User talk:BilledMammal/Average articles

Latest comment: 2 months ago by WhatamIdoing in topic Methodology queries

Methodology queries

edit

How does your algorithm count Dogtown, St. Louis, which has punctuation errors, or Balkan Rhapsodies: 78 Measures of War, which has multi-sentence quotations? I think I'd count the latter as 6 sentences, and someone else might count it as 11, but it's recorded as 13. I count 12 in Campbell v. Clinton and IEEE 802.11 (legacy mode), but your script says 13 for them. 1640 in paleontology is reported as 1 sentence, but it contains 5. WhatamIdoing (talk) 19:05, 14 August 2024 (UTC)

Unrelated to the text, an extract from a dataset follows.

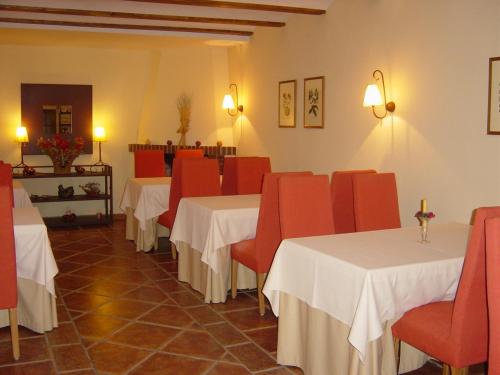 MandayonaHostal Rural Cumbres De Castilla的一间带两张桌子和红色椅子的餐厅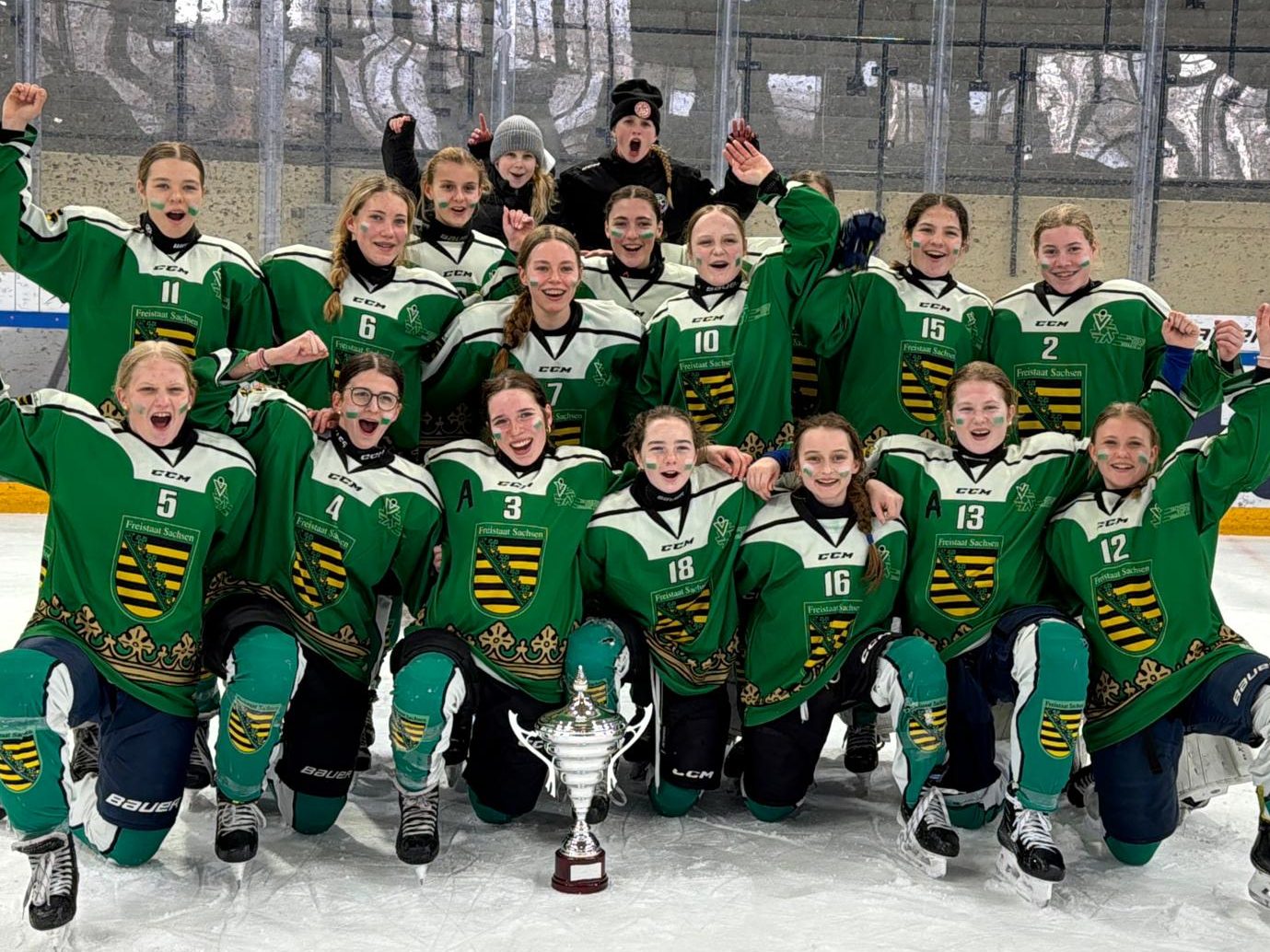 Gruppenbild der freudestrahlenden Eishockey-Nachwuchsauswahl Sachsen/Berlin mit Pokal nach dem Sieg beim Länderpokal in Füssen. Das Team in grünen Trikots jubelt mit hoch erhobenen Armen vor der Bande.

  1. Campbell v. Clinton, 203 F.3d 19 (D.C. Cir.
  2. 2000), was a case holding that members of Congress could not sue President Bill Clinton for alleged violations of the War Powers Resolution in his handling of the war in Yugoslavia.
  3. The War Powers Resolution requires the President to submit a report within 48 hours "in any case in which United States Armed Forces are introduced … into hostilities or into situations where imminent involvement in hostilities is clearly indicated by the circumstances," and to "terminate any use of United States Armed Forces with respect to which a report was submitted (or required to be submitted), unless the Congress … has declared war or has enacted a specific authorization for such use of United States Armed Forces" within 60 days.
  4. On March 26, 1999, two days after President Clinton announced the commencement of NATO air and cruise missile attacks on Yugoslav targets, he submitted to Congress a report, "consistent with the War Powers Resolution," detailing the circumstances necessitating the use of armed forces, the deployment's scope and expected duration, and asserting that he had "taken these actions pursuant to [his] authority … as Commander in Chief and Chief Executive."
  5. On April 28, Congress voted on four resolutions related to the Yugoslav conflict: It voted down a declaration of war 427 to 2 and an "authorization" of the air strikes 213 to 213, but it also voted against requiring the President to immediately end U.S. participation in the NATO operation and voted to fund that involvement.
  6. The conflict between NATO and Yugoslavia continued for 79 days, ending on June 11 with Yugoslavia's agreement to withdraw its forces from Kosovo and allow deployment of a NATO-led peacekeeping force.
  7. Throughout this period Pentagon, State Department, and NATO spokesmen informed the public on a frequent basis of developments in the fighting.
  8. The lawsuit was filed before the end of hostilities by 31 members of Congress opposed to U.S. involvement in the Kosovo intervention, led by Tom Campbell of California.
  9. The Congressmen sought a declaratory judgment that the President's use of American forces against Yugoslavia was unlawful under both the War Powers Clause of the Constitution and the War Powers Resolution ("the WPR").
  10. Appellants claim that the President did submit a report sufficient to trigger the WPR on March 26, or in any event was required to submit a report by that date, but nonetheless failed to end U.S. involvement in the hostilities after 60 days.
  11. The district court granted the President's motion to dismiss for lack of standing.
  12. The appellate court affirmed.
  13. It held appellants had ample legislative authority it could exercise to stop appellee's war making, and thus, appellants lacked the power to challenge such executive action in court.
  1. IEEE 802.11 (legacy mode) or more correctly IEEE 802.11-1997 or IEEE 802.11-1999 refer to the original version of the IEEE 802.11 wireless networking standard released in 1997 and clarified in 1999.
  2. Most of the protocols described by this early version are rarely used today.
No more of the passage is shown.